(Task goal) Each line of the entries that mentions the string "Wide" needs to be reported.

(Dataset records)
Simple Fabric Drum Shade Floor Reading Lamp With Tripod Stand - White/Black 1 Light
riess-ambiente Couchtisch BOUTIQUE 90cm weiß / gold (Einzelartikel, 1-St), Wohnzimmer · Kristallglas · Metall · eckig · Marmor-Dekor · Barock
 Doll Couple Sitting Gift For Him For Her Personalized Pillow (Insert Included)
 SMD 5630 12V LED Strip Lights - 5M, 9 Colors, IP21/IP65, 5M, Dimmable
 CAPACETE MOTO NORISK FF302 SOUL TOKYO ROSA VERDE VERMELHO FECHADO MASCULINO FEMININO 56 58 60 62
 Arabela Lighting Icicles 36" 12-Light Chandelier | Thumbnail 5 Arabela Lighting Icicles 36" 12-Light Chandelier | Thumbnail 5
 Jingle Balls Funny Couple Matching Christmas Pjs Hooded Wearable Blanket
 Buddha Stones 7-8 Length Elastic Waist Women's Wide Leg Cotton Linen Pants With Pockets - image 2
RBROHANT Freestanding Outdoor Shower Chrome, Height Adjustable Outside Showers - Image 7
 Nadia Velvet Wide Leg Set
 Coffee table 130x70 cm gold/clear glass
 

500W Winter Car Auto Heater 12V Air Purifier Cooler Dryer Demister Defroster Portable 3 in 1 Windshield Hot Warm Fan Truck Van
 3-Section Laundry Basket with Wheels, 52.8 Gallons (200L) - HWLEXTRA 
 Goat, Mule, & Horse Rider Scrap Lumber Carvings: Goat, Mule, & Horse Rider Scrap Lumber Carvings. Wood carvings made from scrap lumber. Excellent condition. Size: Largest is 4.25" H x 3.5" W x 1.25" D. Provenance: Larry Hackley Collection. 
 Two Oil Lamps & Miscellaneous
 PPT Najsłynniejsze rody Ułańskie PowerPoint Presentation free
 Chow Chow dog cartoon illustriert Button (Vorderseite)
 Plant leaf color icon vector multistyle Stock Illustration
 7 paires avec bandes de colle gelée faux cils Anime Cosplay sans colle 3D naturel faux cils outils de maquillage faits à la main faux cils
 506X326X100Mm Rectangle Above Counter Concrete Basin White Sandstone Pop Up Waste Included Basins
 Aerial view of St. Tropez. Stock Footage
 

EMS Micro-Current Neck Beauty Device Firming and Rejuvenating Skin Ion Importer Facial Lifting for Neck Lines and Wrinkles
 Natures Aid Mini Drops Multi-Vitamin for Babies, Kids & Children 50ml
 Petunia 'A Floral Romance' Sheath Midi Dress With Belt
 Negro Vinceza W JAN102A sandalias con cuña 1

(Response area)
 Buddha Stones 7-8 Length Elastic Waist Women's Wide Leg Cotton Linen Pants With Pockets - image 2
 Nadia Velvet Wide Leg Set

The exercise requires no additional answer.